Senator Manchin is co-sponsoring a bill to deliver those reforms with Senator John Barrasso, a Republican from Wyoming, and their proposed legislation has been making progress in the Senate. It has faced criticism from environmental groups but found support from both the renewables and oil and gas industries: the American Clean Power Association and the American Petroleum Institute.
To unpack what the proposal could mean for the future of energy in America, Ed Crooks is joined by Melissa Lott, professor at the Climate School at Columbia University in New York, and Emily Grubert, an Associate Professor at the Keough School of Global Affairs at Notre Dame University. Together they examine the bill and discuss the impact it could have both on wind and solar power, and on gas pipelines and LNG plants.

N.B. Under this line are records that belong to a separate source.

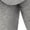 1876 Grey, variant on Men's Jockey 1876 Collection Cotton Stretch 5.5" Boxer Brief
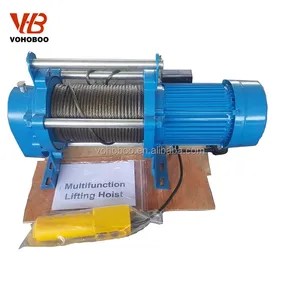 120 Volt Winch >> Volt Winch Electric Volt Winch Electric Suppliers And Manufacturers 120 Volt Winch >> Volt Winch Electric Volt Winch Electric Suppliers And Manufacturers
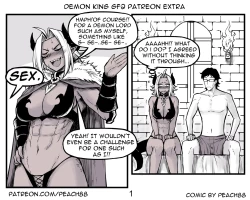 Page 30 of Demon King GF
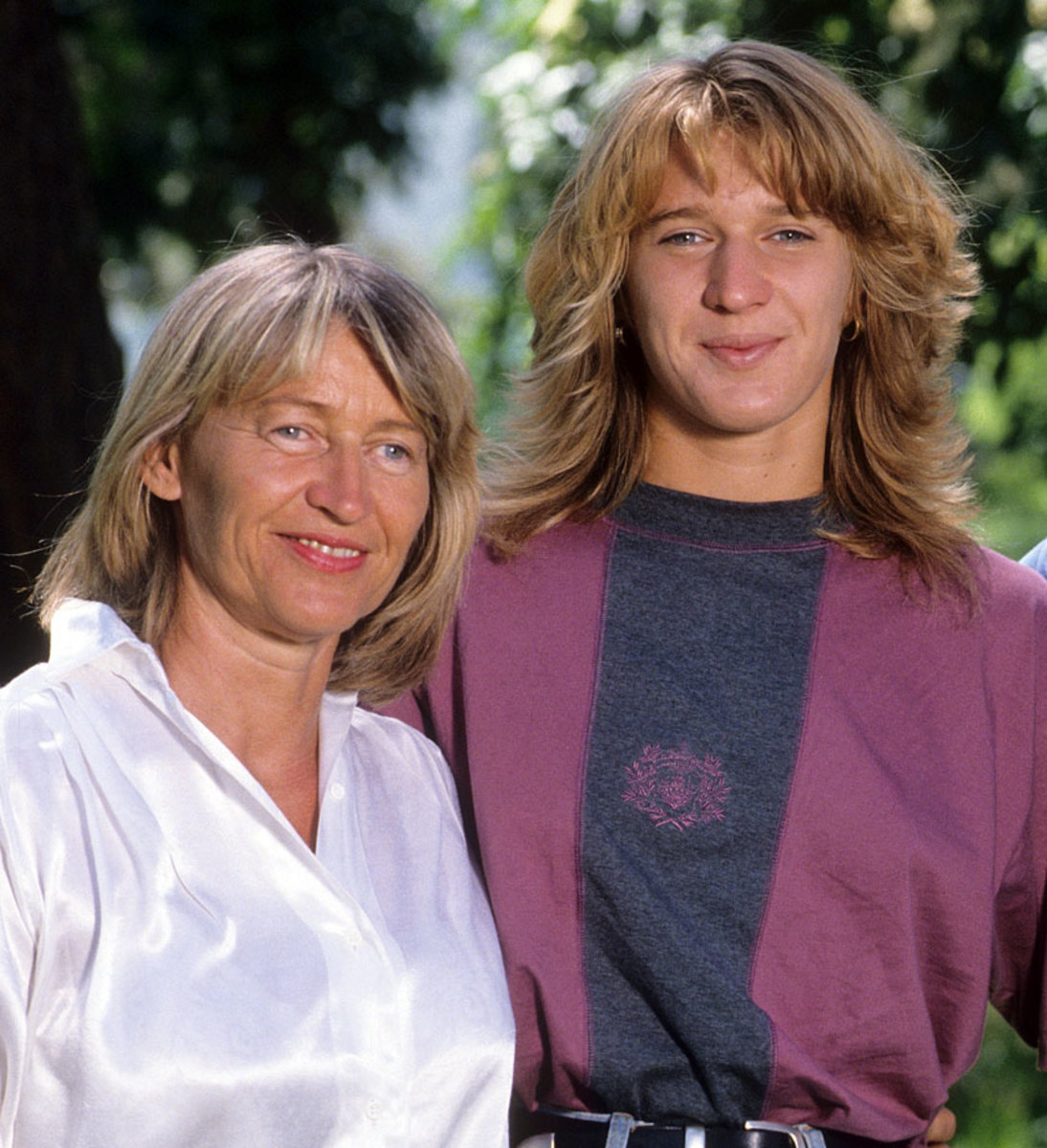 Steffi-Graf-mom-Heidi-079115898.jpg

One provision in the bill would end the Biden administration’s “pause” on new approvals for LNG exports. Emily has been studying the issue, and shares her views. She wrote recently that the US needs a new “national strategy” for the role of gas in the energy system. What might that strategy look like?
Plus, the gang debate what needs to happen for carbon removal to make a real difference to achieving our net zero goals. Emily warns that for-profit carbon dioxide removal “presents fundamental and predictable risks for climate and justice goals”. What are those risks, and – given that carbon removal looks likely to be needed – how can we minimize them?